A summary of the results of this analysis for the information generated by the Upsight platform are found within Table 1
3.4. Upsight Session Information
Based on this analysis, several trends begin to emerge. First, it becomes evident that the session number is a sequentially-incrementing value representing the current session for the device. This holds true until Dump 4, where the session number increments from 5 to 8. This can be explained by examining the session start time and last known session time values within Appendix B
. These values for Dumps 1, 2 and 3 correspond to when the application was started and terminated, as indicated in Appendix A
. However, in Dump 4, the session start time corresponds to the time the application was resumed at 3:38 p.m. on 24 February. During the data collection for Dump 4, the application was backgrounded twice. The first occurred at 3:14 p.m. with the application being resumed at 3:30 p.m., and the second occurred at 3:33 p.m., with the application being resumed at 3:38 p.m. Therefore, the session start time corresponds to the time at which the user begins running the application within the foreground of the mobile device either by starting the application or resuming an application that was previously running in the background.

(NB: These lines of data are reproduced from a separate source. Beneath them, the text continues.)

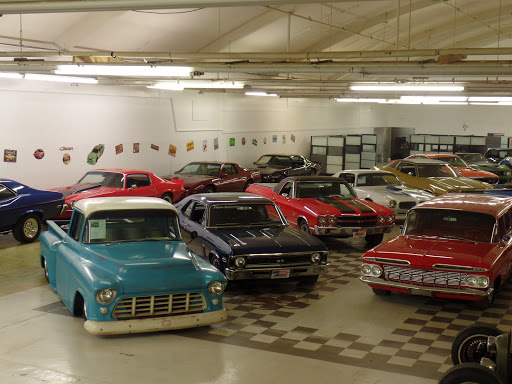 Used Car Dealer «North Shore Classics (Classic Car Dealership)», reviews and photos, 149 N Seymour Ave, Mundelein, IL 60060, USA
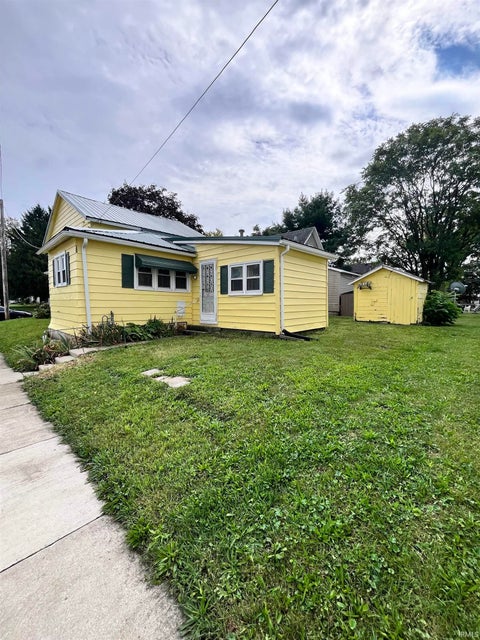 Tiny photo for 919 N Purdum Street, Kokomo, IN 46901 (MLS # 202638510)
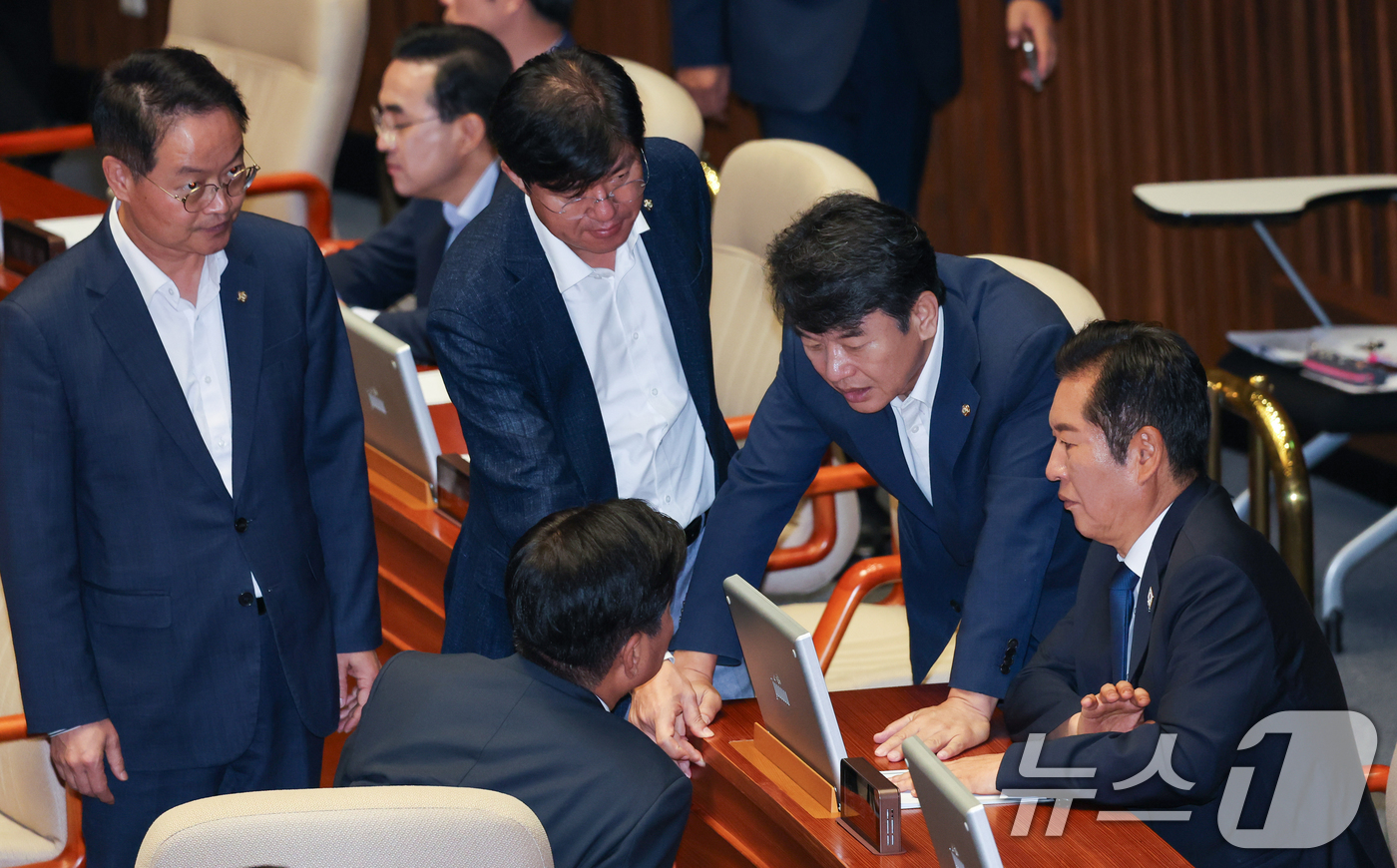 (서울=뉴스1) 안은나 기자 = 정청래 더불어민주당 대표가 22일 오전 서울 여의도 국회 본회의장에서 조승래 사무총장, 문진석 원내수석, 박상혁 대변인, 허영 원내정책수석과 대화하 …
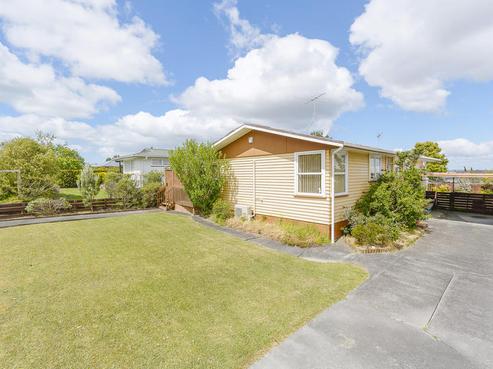17 Blue Spur Way, Glendene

Likewise, the last known session time values recorded within Appendix B
for Dumps 6, 7, 11 and 12 correlate to when the application was backgrounded (see Appendix A
). This indicates that the last known session time value corresponds to when the application was terminated or backgrounded by switching to another application, receiving a phone call or by locking the device. In other words, the current session ends when the application is either terminated or backgrounded. If the application were backgrounded and then brought back to the foreground, a new session would start, and the session number would be incremented. Because the application was backgrounded twice during Dump 4, the session number was incremented twice. Hence, instead of Dump 4 having a session number of 6, the data in Appendix B
indicates a value of 8.
Therefore, it is possible to define a session that is recorded in the upsight.xml file as the time in which the application was running in the foreground of the user’s mobile device. In other words, this corresponds to the most recent time when the application was actively played. This information can be used by a forensic investigator to provide definitive evidence of the last time the application was actively played by the user.
Furthermore, by examining the current session duration value given in Appendix B
and comparing this value to the session start and last known session time values, it becomes evident that this value represents the length of the current session in seconds. Likewise, by examining the past session time and current session time values, it becomes evident that the past session time value is a counter of the total time spent actively playing the game in seconds excluding the time spent in the current session.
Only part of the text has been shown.